According to the Annual Survey Report of the Indian Direct Selling industry, women contribute almost 58.3 per cent in 2013-14.
“Women form a significant chunk of direct sellers, and from a current 2,551,189 women, their numbers is expected to grow at eight per cent making a whopping 55,07,820 self-employed women by 2025,” informs Chavi Hemanth, secretary general, Indian Direct Selling Association (IDSA).
The IDSA which is an autonomous, self-regulatory body recognises the marketing approach as micro-entrepreneurship that can inspire many small home-based initiatives.
Hemanth tells Metrolife, “Initially FMCG or everyday use products were more popular but segments like wellness, cosmetics and personal care dominate the Indian direct selling market which has accelerated women self-employment and empowerment.

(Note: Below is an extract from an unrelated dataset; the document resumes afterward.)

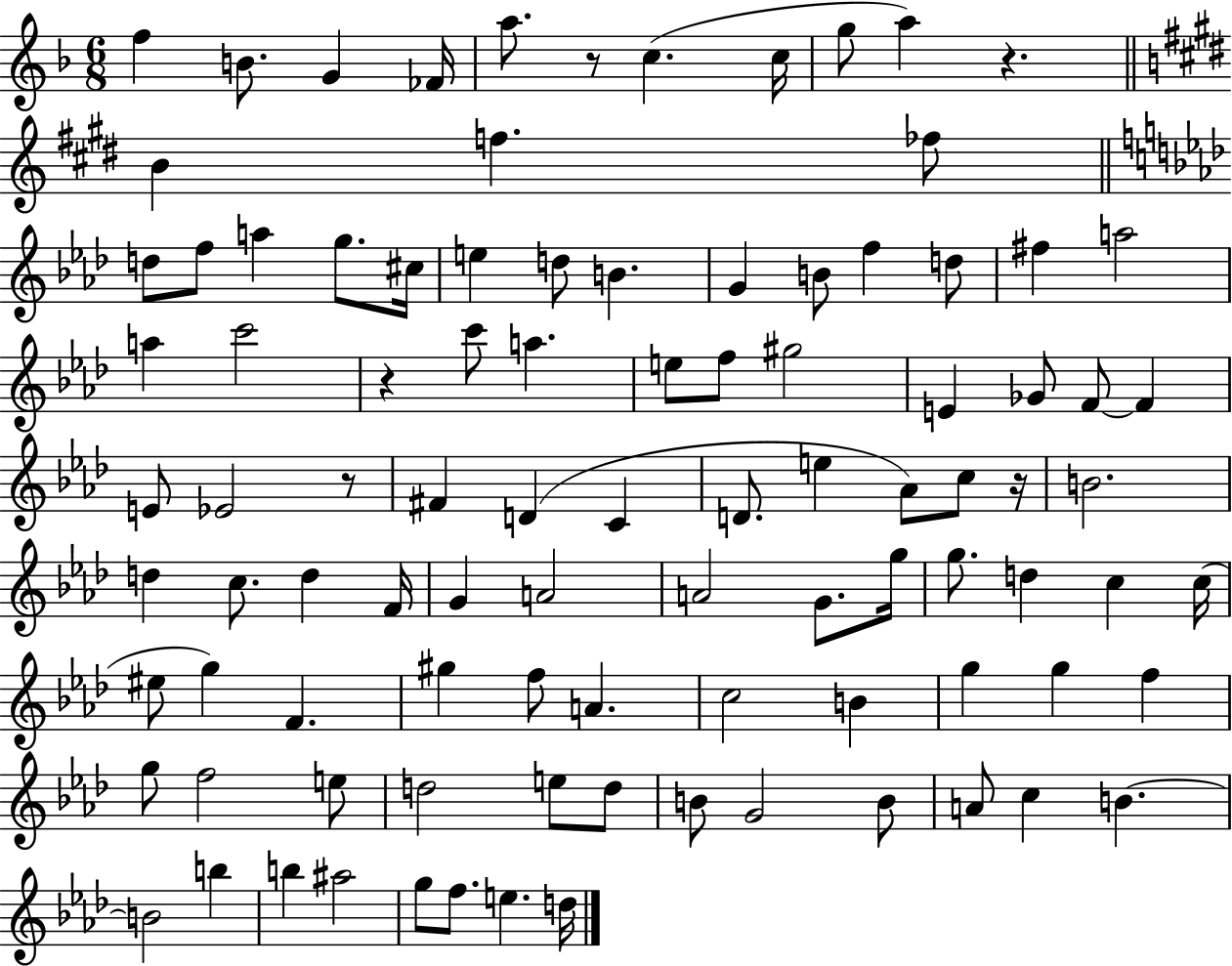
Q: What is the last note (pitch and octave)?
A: D5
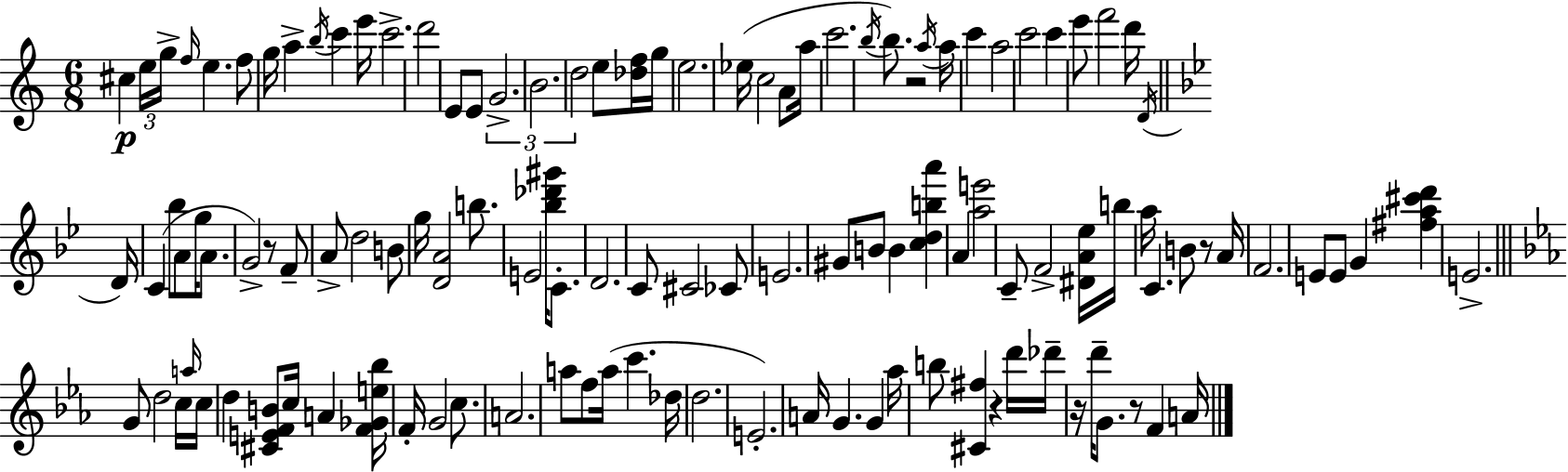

This year, the industry focus is to further bolster and showcase the entrepreneur opportunity for women.”
Hemanth adds that it is interesting to note that the percentage of women who are full-time self-employed in direct sales stands at 64 per cent and in part-timers at 36 per cent. Being in the Indian set-up, “Direct selling gives educated and semi-educated women the flexibility to manage their professional and personal lives.”
Dr S P Sharma, chief economist-director research, PHD Chamber of Commerce and Industry says, “Women have significantly contributed in the economic empowerment of nation over the years. The concept of gender equality has gained momentum in light of globalisation and liberalisation and there has been a phenomenal change in the status of women over the years across the globe. Women who used to undertake only household responsibilities earlier are now effectively participating in almost all sectors of the economy. These self-employment opportunities will encourage more women.”
Hemanth tells Metrolife, “It is always not about money. But how confident you are as a woman. Once they start going out, they get motivated.”